Length of service and discord –
Now while the video does provide some solid, unwavering numbers when it came to Roman legionaries, in actual scenarios the situations faced by the Roman army were often more chaotic. During the latter part of 1st century BC, Augustus followed the guidelines of the preceding centuries, and officially formalized the length of service of a legionary to 16 years (in 13 BC). But it should be noted that even after 16 years of service, he was expected to join the vexillum veteranorum or unit of veterans for four more years. However, by 6 AD, the initial length of service was increased to 20 years, and it was complemented by the praemia militare (or discharge bonus), a lump sum that was increased to 12,000 sesterces (or 3,000 denarii). And by the middle of 1st century AD, the service was further extended to 25 years. Now beyond official service lengths, the protocols were rarely followed in times marked by wars. This resulted in retaining of the legionaries well beyond their service periods, with some men fighting under their legions for over three to four decades. Suffice it to say, such chaotic measures frequently resulted in mutinies.

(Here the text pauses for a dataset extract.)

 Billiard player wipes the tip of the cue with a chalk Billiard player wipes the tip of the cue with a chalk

As for pay, other than the lump sum of praemia militare, a basic legionary was paid 900 sesterces per year (paid in three installments). This pay scale remained the same till at least 80 AD, in spite of presumed inflation. However the pay differed for the various units in a legion, with under-officers and specialists being paid one-and-a-half or twice the basic pay grade. And furthermore, this pay figure was only a nominal value from which various deductions were made in accordance to the goods (like food, equipment, attires and even burial fees) consumed by the legionary. Still there were cases when the legionary was paid less than he deserved, and sometimes the ‘swindling’ measures were initiated by giving the soldiers worthless parcels of land instead of the praemia militare.
Bonding beyond numbers –
The video clearly mentions how a contubernium was the smallest division in a Roman army. Now beyond discipline and training, one of the crucial reasons for the effectiveness of a legionary was directly related to his sense of fraternity within a century (made of 80 men). So on a deeper level, a century (centuria) was further divided into ten contubernium (a ‘tent group’, each consisting of eight members). Such classifications basically led to an behavioral aspect of comradeship among the tent group who fought, dined and rested together in their military careers spanning over decades. This sense of identification often translated to high morale and protectiveness on the part of the legionaries when fighting in an actual battleground.

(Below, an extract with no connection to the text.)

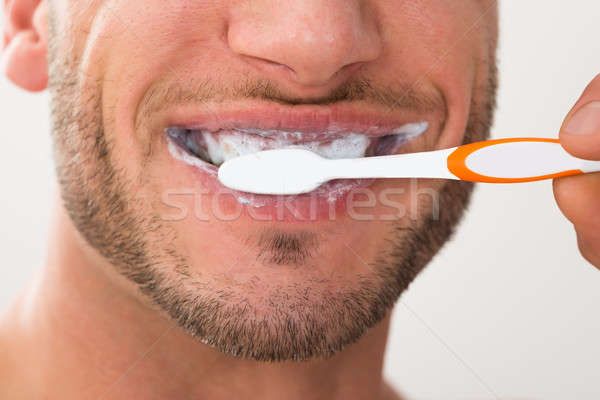 Man jonge man tand borstel Stockfoto © AndreyPopov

Interestingly, the contubernium was not just limited to the bonding exercises. The Roman army also pushed forth the tent group as a mess ‘team’. These grouped soldiers were expected to cook their own meals and eat them together (while the cost of food was deducted from their salaries). Simply put, the absence of mess halls and catering services rather solidified the bond between the legionaries who had to depend on each other even for peaceful meals.
Other specialized units –
As we mentioned before, a legionary was only considered as a veteran after he had served for 16 years in the army. In the 1st century AD, even after such a long period of service, the soldier was not expected to ‘retire’ from his legion. Instead the veteran was reinstated to a special unit of vexillum veteranorum for four more years of service. Typically consisting of 500 to 600 men, the Roman army unit had its own administrative branch with different officers. It was however attached to the original legion, but at times were deployed independently. The latter case is evident from their separate garrison at the town of Thala, with this particular vexillum veteranorum being derived from legio III Augusta in 20 AD. Unsurprisingly, the veterans with their years of experience were highly successful against the onslaught of Tacfarinas and his Numidian forces.
Other than vexillum veteranorum, there were also slaves (or calones) that could be attached to a legion. Though unlike the veterans, they were governed as a part of the legion, with 120 men attached to each cohort of 480 soldiers. So basically, a single legion (generally comprising ten cohorts) could be accompanied by around 1,200 slaves; and these men were trained for specific tasks. During times of emergency, they were even armed with weapons to defend their camps.
And finally, the soldiers who truly made a Roman military unit self-sufficient were the immunes, a group of highly trained specialists attached to each legion. Ranging from doctors, engineers to architects, these men were exempt from the hard labor duties of the rank-and-file soldiers, while also earning more than them.
Other Book References (for the article): Roman Legionary 58 BC – AD 69 (By Ross Cowan) / The Roman Army from Caesar to Trajan (By Michael Simkins)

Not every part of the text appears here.